Required work
Starting with the line that has "Retro Turntable Sun" in the records below and ending with the line that has "Anime girl with", output those lines exactly and nothing more; omit the pictures.

Data excerpts
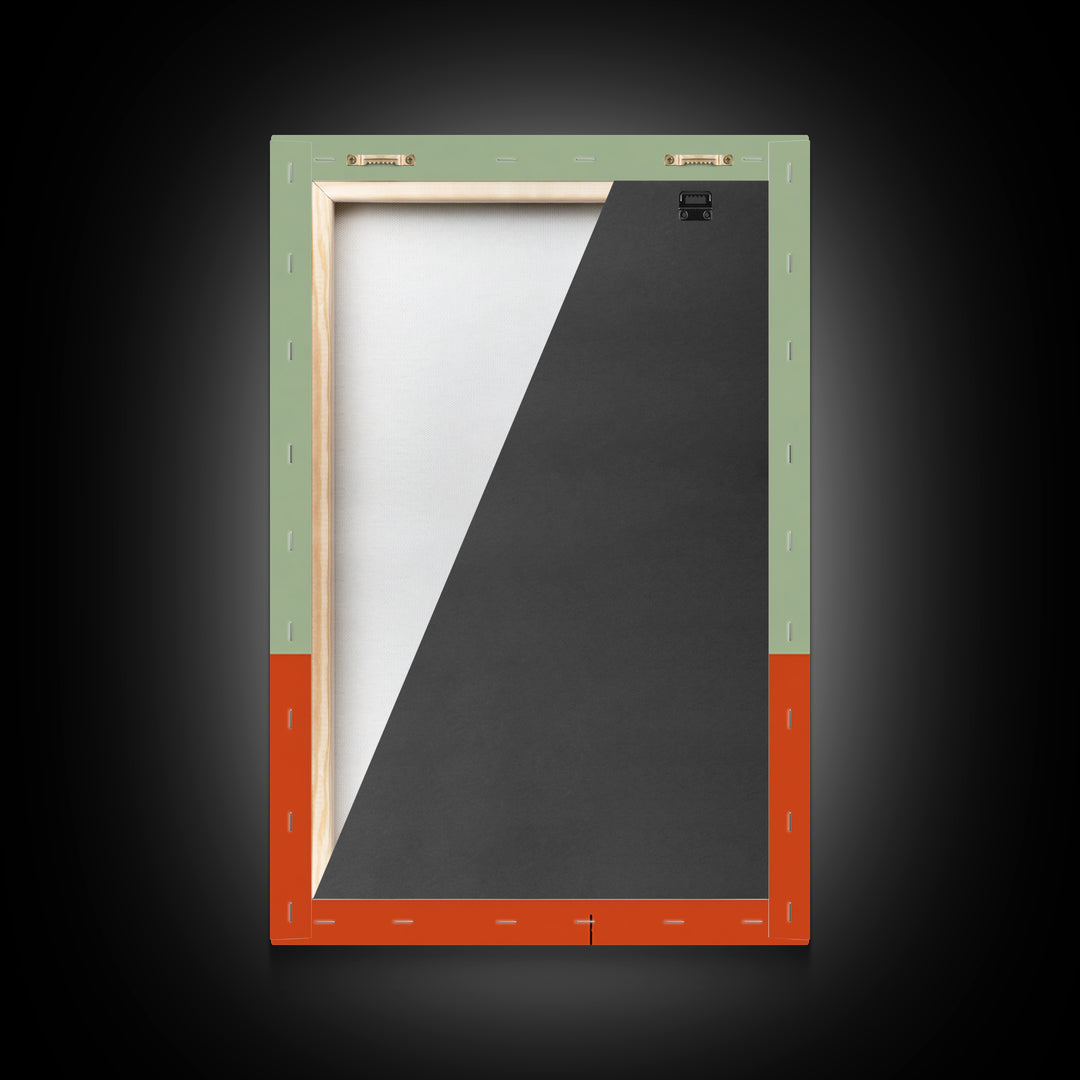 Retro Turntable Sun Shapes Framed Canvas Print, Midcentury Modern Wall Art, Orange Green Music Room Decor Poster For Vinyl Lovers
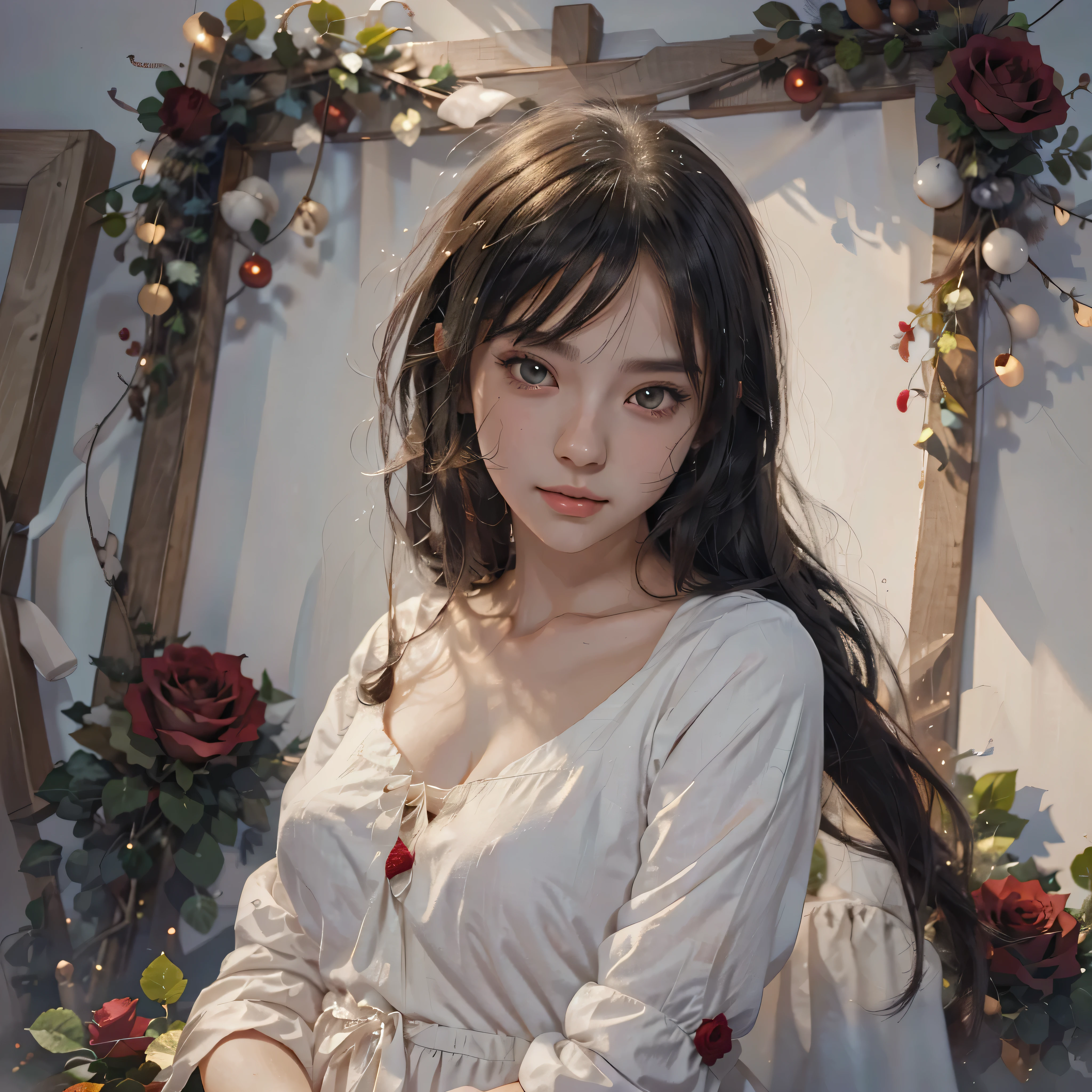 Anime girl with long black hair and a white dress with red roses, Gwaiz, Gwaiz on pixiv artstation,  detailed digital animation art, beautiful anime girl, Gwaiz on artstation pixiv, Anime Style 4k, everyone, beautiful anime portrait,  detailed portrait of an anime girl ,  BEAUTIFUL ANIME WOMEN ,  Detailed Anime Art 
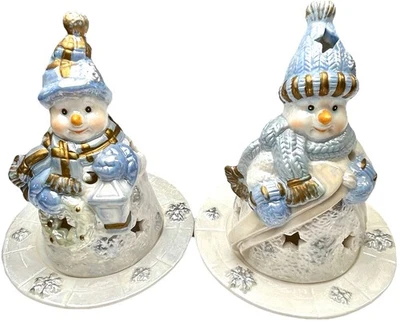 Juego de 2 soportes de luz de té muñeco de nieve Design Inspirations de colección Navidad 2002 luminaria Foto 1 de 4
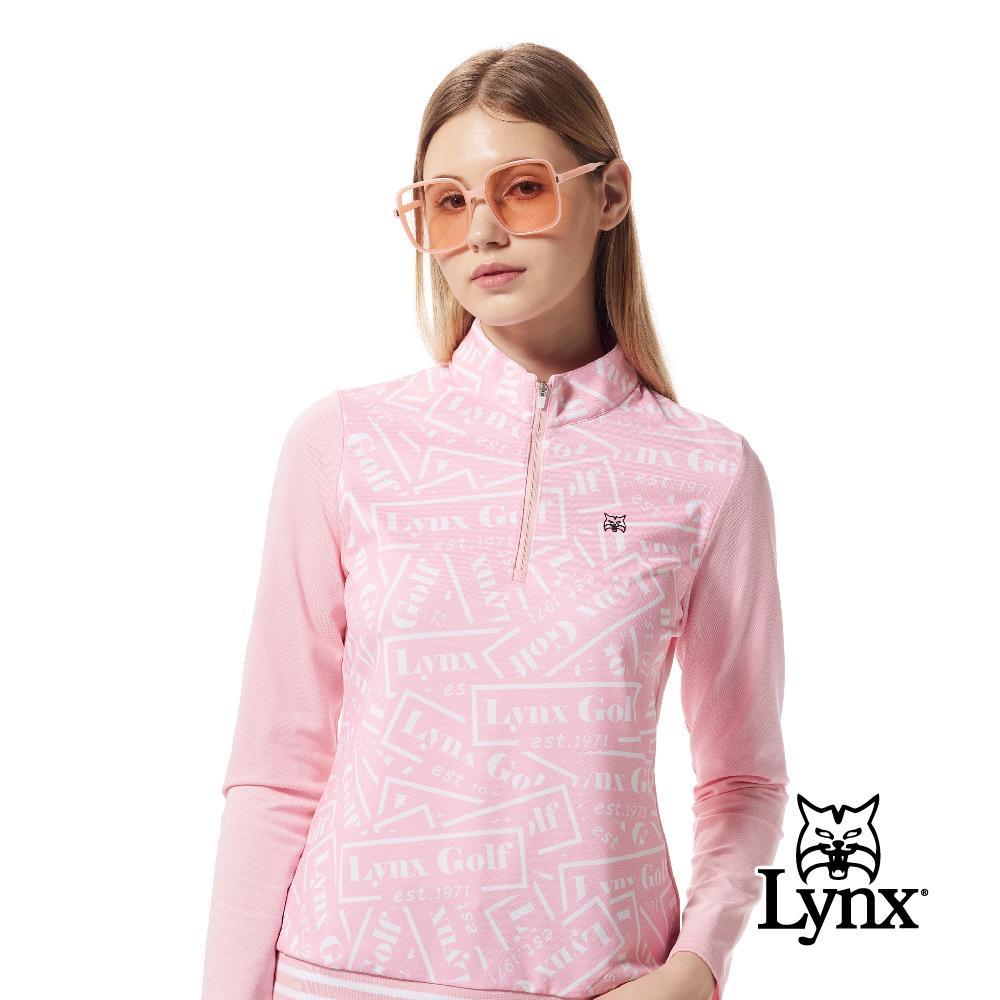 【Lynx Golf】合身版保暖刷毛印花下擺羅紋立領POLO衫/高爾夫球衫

--

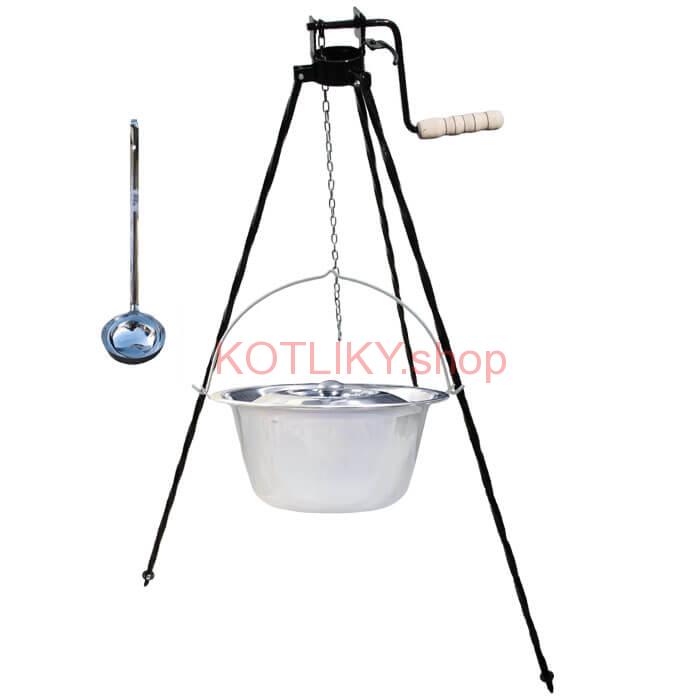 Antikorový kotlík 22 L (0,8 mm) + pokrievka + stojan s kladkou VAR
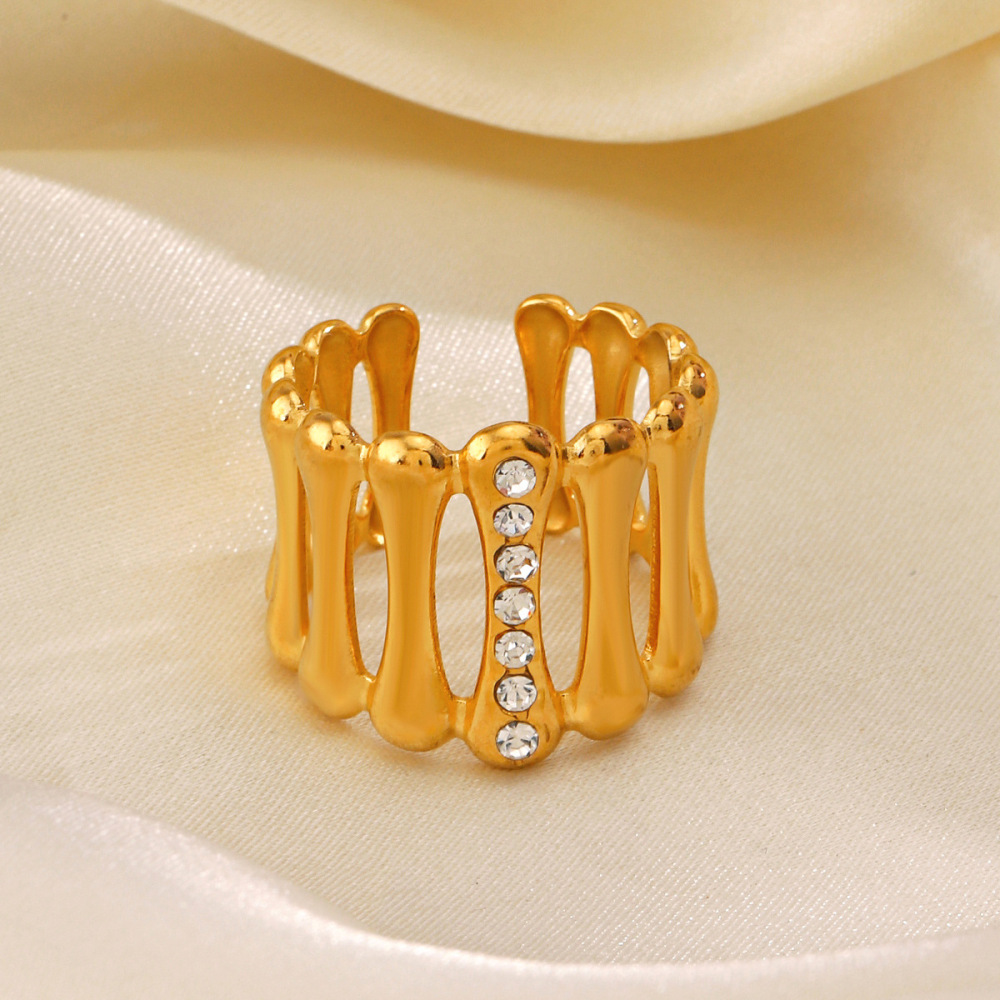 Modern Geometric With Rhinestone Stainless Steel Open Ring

Answer for the task
 Retro Turntable Sun Shapes Framed Canvas Print, Midcentury Modern Wall Art, Orange Green Music Room Decor Poster For Vinyl Lovers
 Anime girl with long black hair and a white dress with red roses, Gwaiz, Gwaiz on pixiv artstation,  detailed digital animation art, beautiful anime girl, Gwaiz on artstation pixiv, Anime Style 4k, everyone, beautiful anime portrait,  detailed portrait of an anime girl ,  BEAUTIFUL ANIME WOMEN ,  Detailed Anime Art 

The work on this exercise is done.